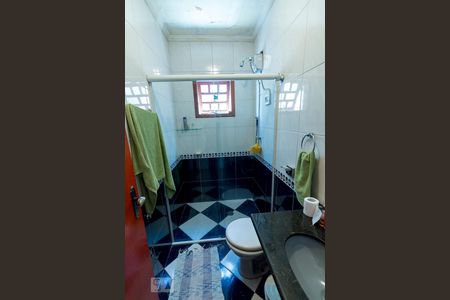 Casa à venda com 159m², 3 quartos e 4 vagasBanheiro social 1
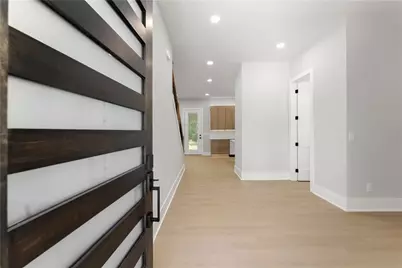 5019 Nichols Drive, Flowery Branch, GA 30542 - Photo 3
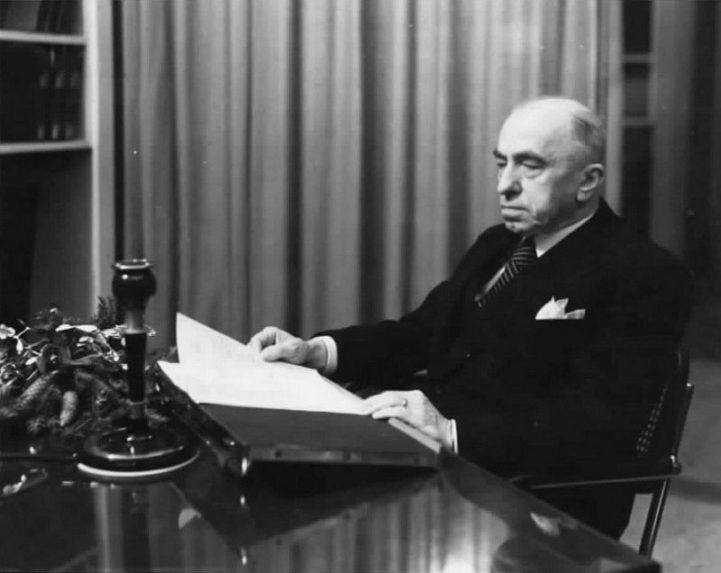 Rozhlasový príhovor Emila Háchu k ľudu.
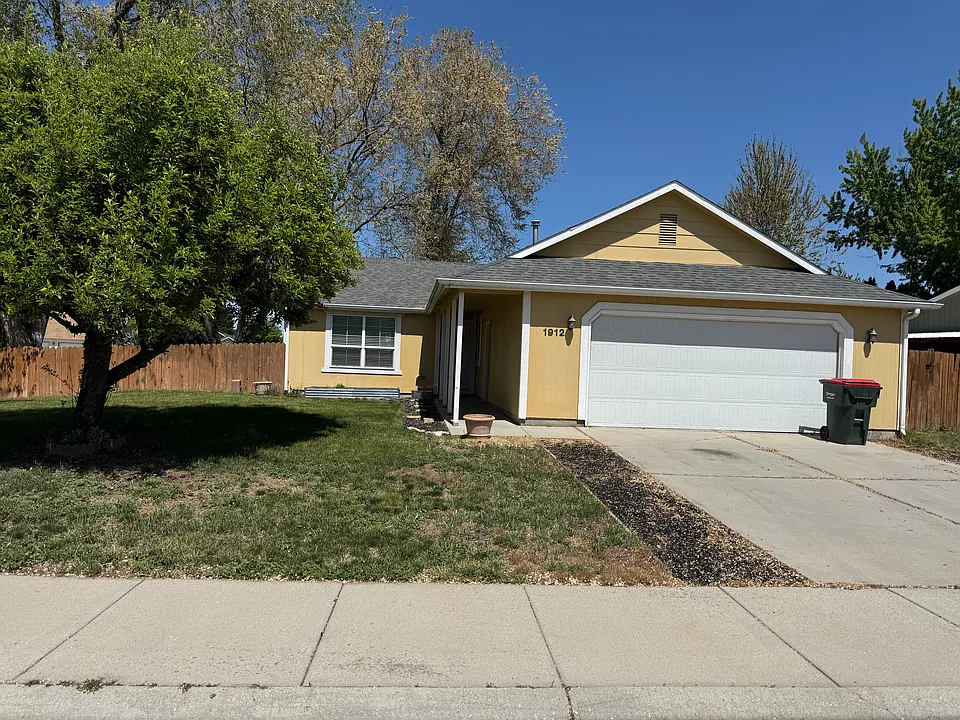 1912 W Tracy Ct
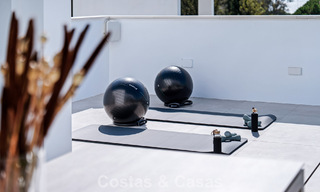 Villa de luxe moderne à vendre dans un style architectural contemporain, à quelques minutes à pied de Puerto Banus, Marbella 788911 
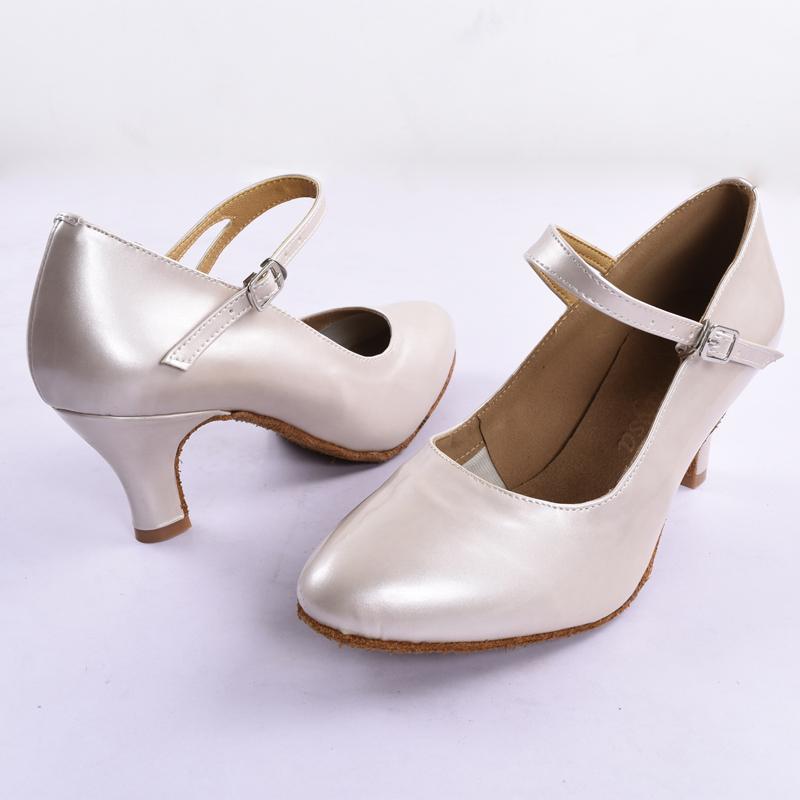 Women's  Customized Heel Modern Ballroom Shoes Character Shoes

# # # # # # #

Each line from the one that holds "5019 Nichols Drive, Flowery" through the final line of the data must be retyped exactly; the pictures must not appear.

 5019 Nichols Drive, Flowery Branch, GA 30542 - Photo 3
 Rozhlasový príhovor Emila Háchu k ľudu.
 1912 W Tracy Ct
 Villa de luxe moderne à vendre dans un style architectural contemporain, à quelques minutes à pied de Puerto Banus, Marbella 788911 
 Women's  Customized Heel Modern Ballroom Shoes Character Shoes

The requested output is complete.